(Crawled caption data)

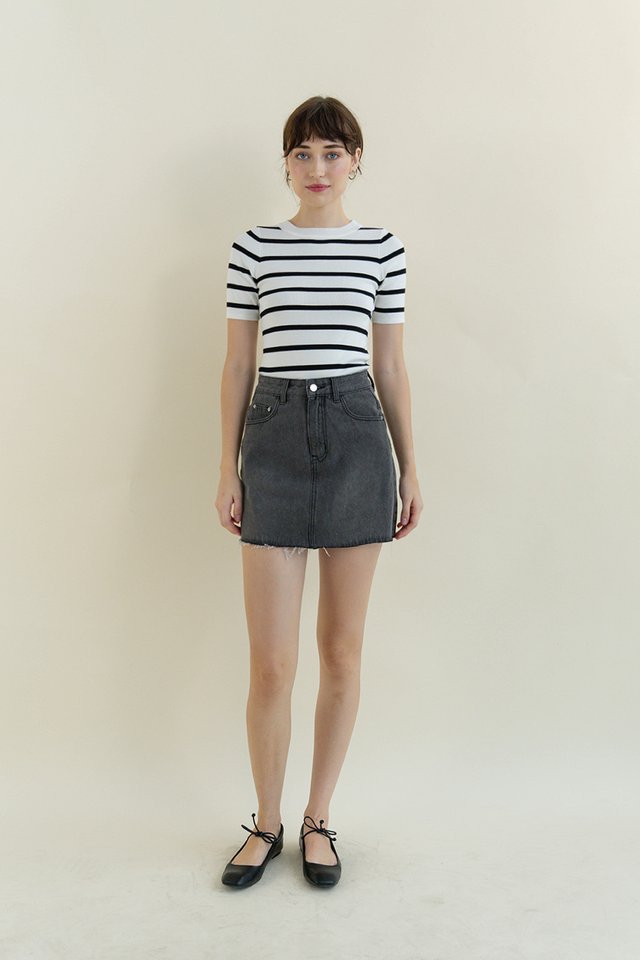 THEO DENIM SKORTS ACID BLACK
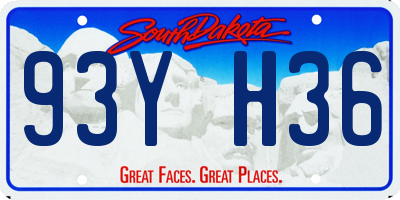 SD license plate 93YH36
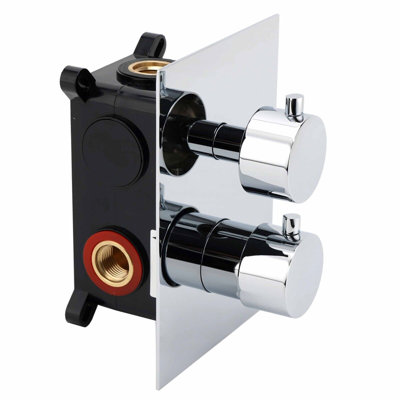 Chrome Mixer Embed Box Brass Bathroom Tap Double Concealed Diverter Shower Valve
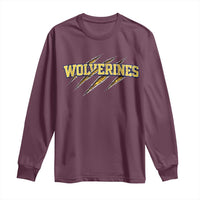 Wolverine Lover Sports Game Day Scratch Mark Long Sleeve Shirt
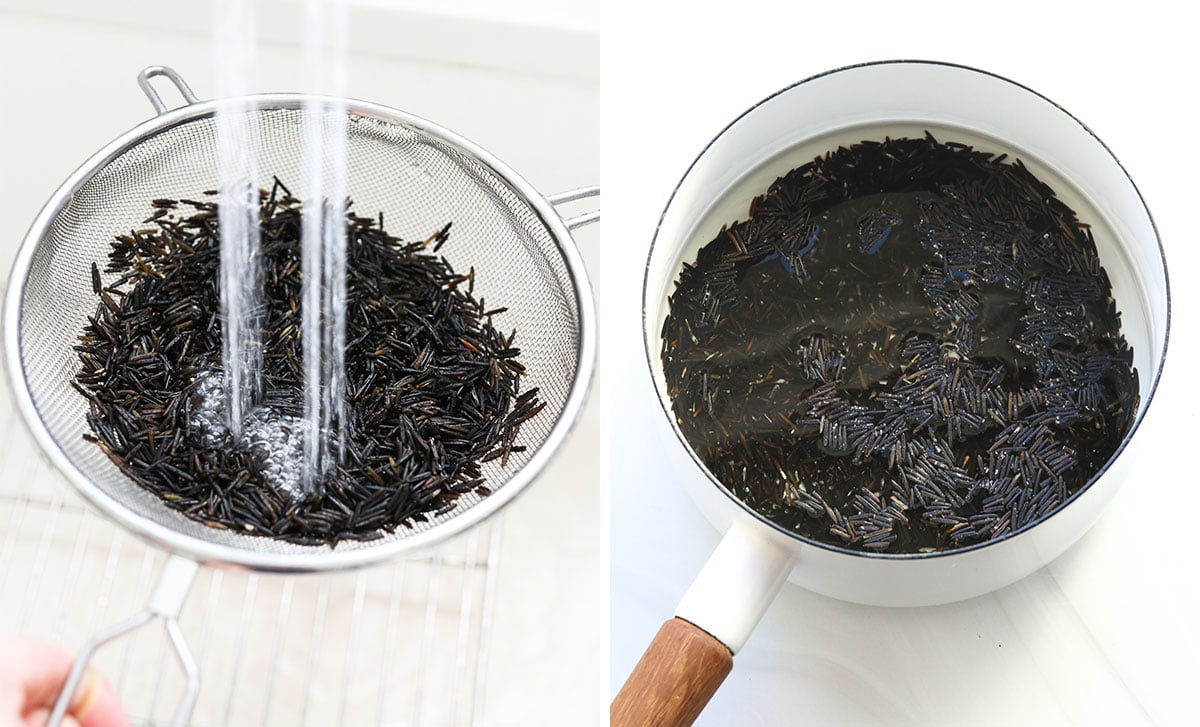 wild rice rinsed in a strainer and added to saucepan.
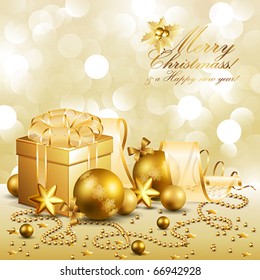 beautiful golden christmas background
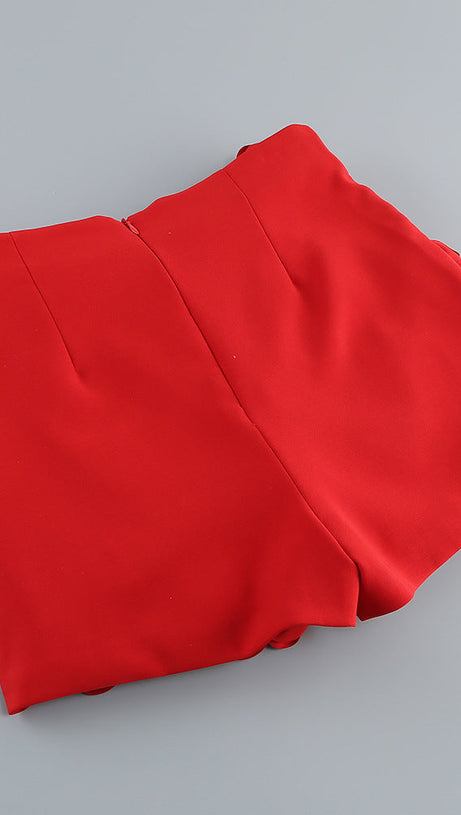 3D FLOWER  EMBELLISHED SKIRT IN RED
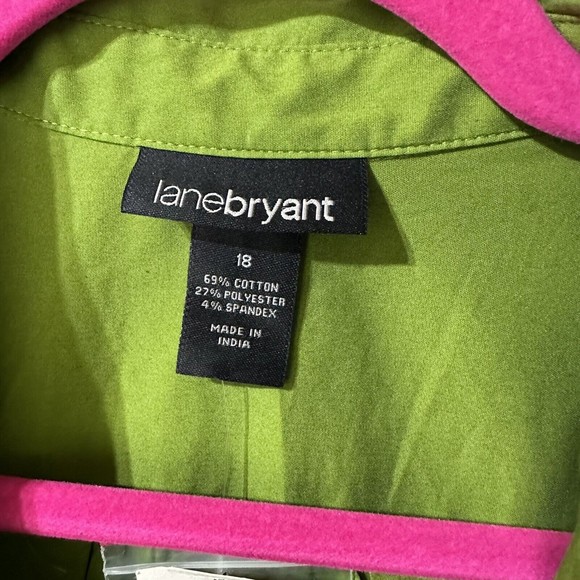 Lane Bryant Button Front Shirt Women’s Size 18 Long Sleeve Green NWT - Picture 2 of 8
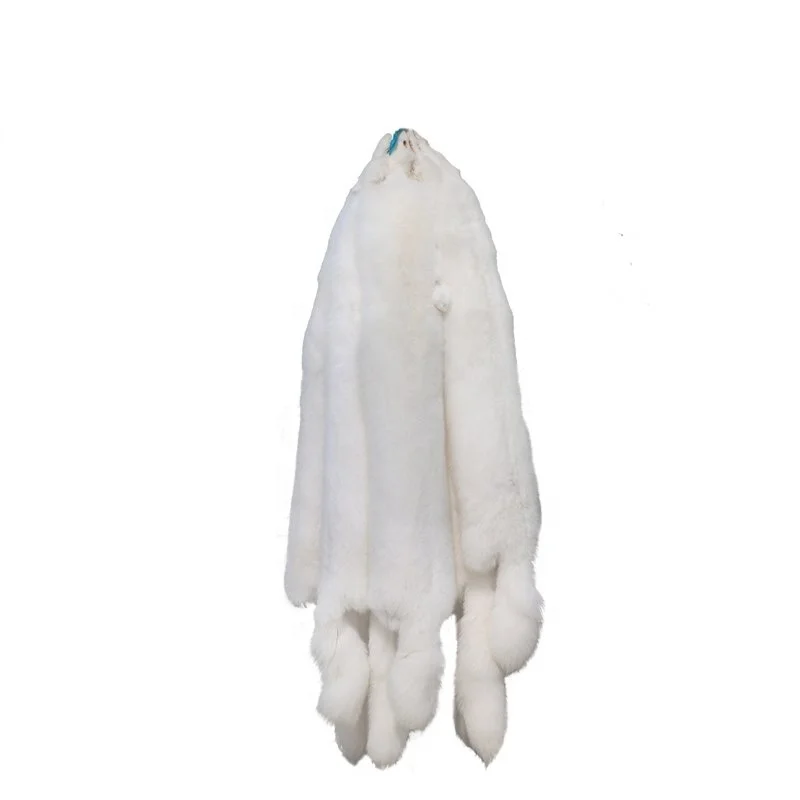 large size high quality natural white fox fur skin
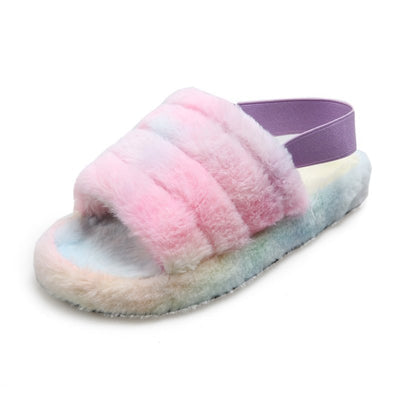 Women's Faux Fur Mule Slippers Wool Slippers Wedge Heel Warm Sandals - Carvan Mart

= WHAT IS EXPECTED =
Go to the line that contains "large size high" and copy exactly from there through the last line of the records above, both included. Omit pictures.

= EXERCISE ANSWER =
 large size high quality natural white fox fur skin
 Women's Faux Fur Mule Slippers Wool Slippers Wedge Heel Warm Sandals - Carvan Mart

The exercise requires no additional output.